*Task:* Any image in the records is to be dropped, and everything else duplicated precisely.

*** Excerpted records ***

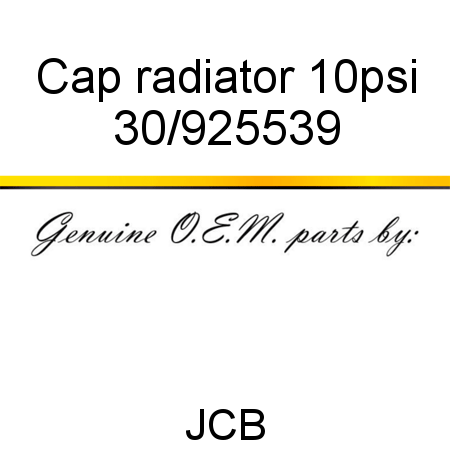 Cap, radiator 10psi 30/925539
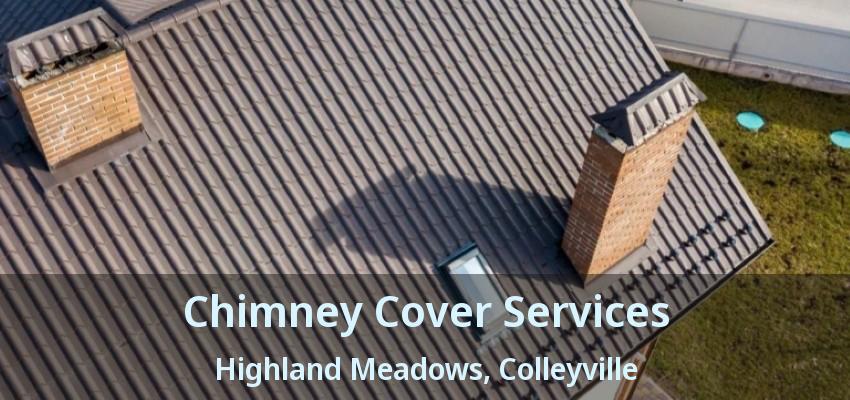 Chimney Cover Services Highland Meadows, Colleyville - TX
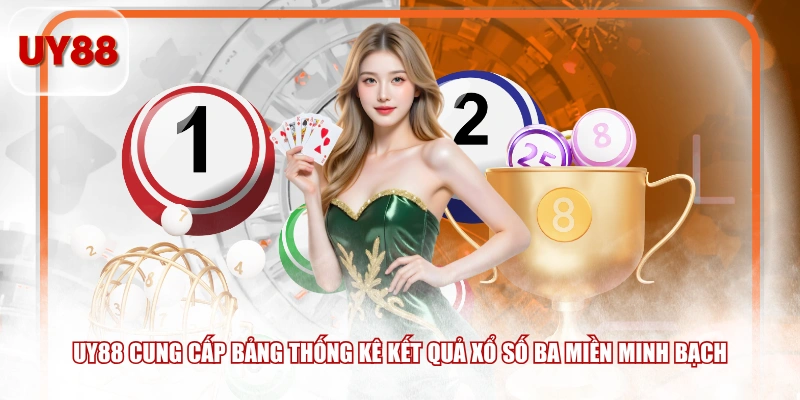 UY88 cung cấp bảng thống kê kết quả xổ số ba miền minh bạch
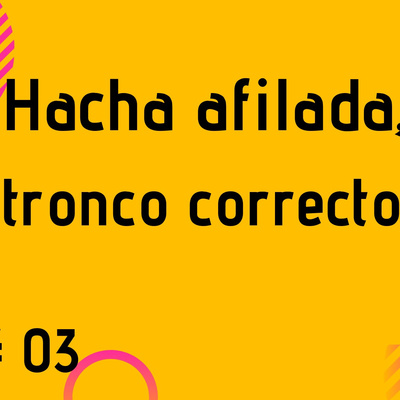 hacha afilada, tronco correcto.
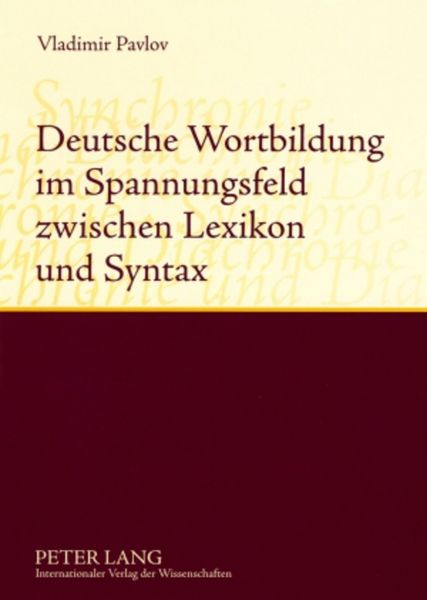 Produktbild: Deutsche Wortbildung im Spannungsfeld zwischen Lexikon und Syntax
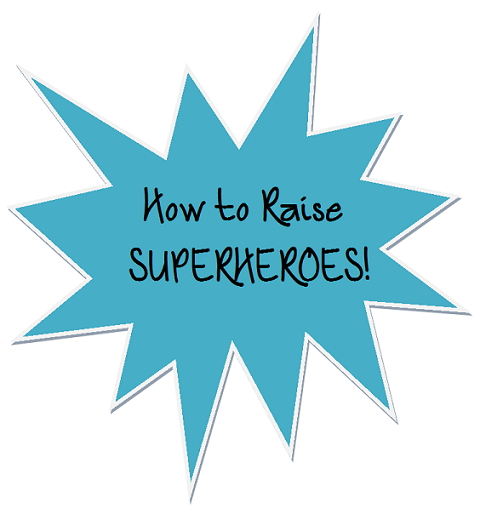 How to Raise Superheroes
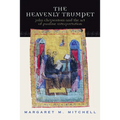 Heavenly Trumpet: John Chrysostom and the Art of Pauline Interpretation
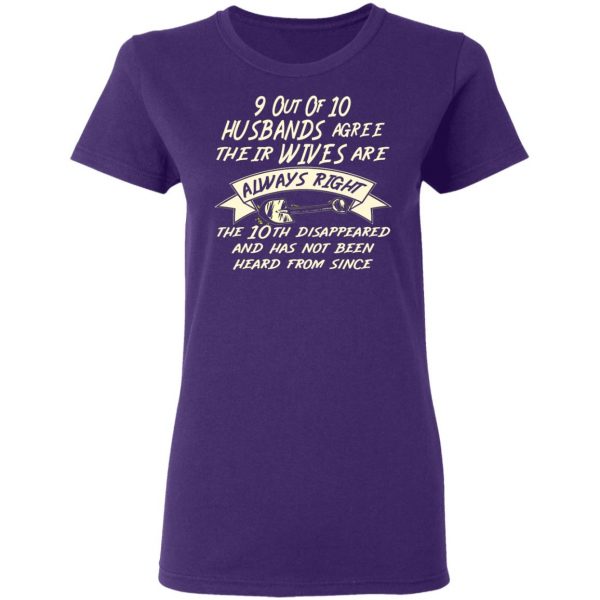 9 out of 10 husbands agree their wives are always t shirts long sleeve hoodies 11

***

*Response below:*
 Cap, radiator 10psi 30/925539
 Chimney Cover Services Highland Meadows, Colleyville - TX
 UY88 cung cấp bảng thống kê kết quả xổ số ba miền minh bạch
 hacha afilada, tronco correcto.
 Produktbild: Deutsche Wortbildung im Spannungsfeld zwischen Lexikon und Syntax
 How to Raise Superheroes
 Heavenly Trumpet: John Chrysostom and the Art of Pauline Interpretation
 9 out of 10 husbands agree their wives are always t shirts long sleeve hoodies 11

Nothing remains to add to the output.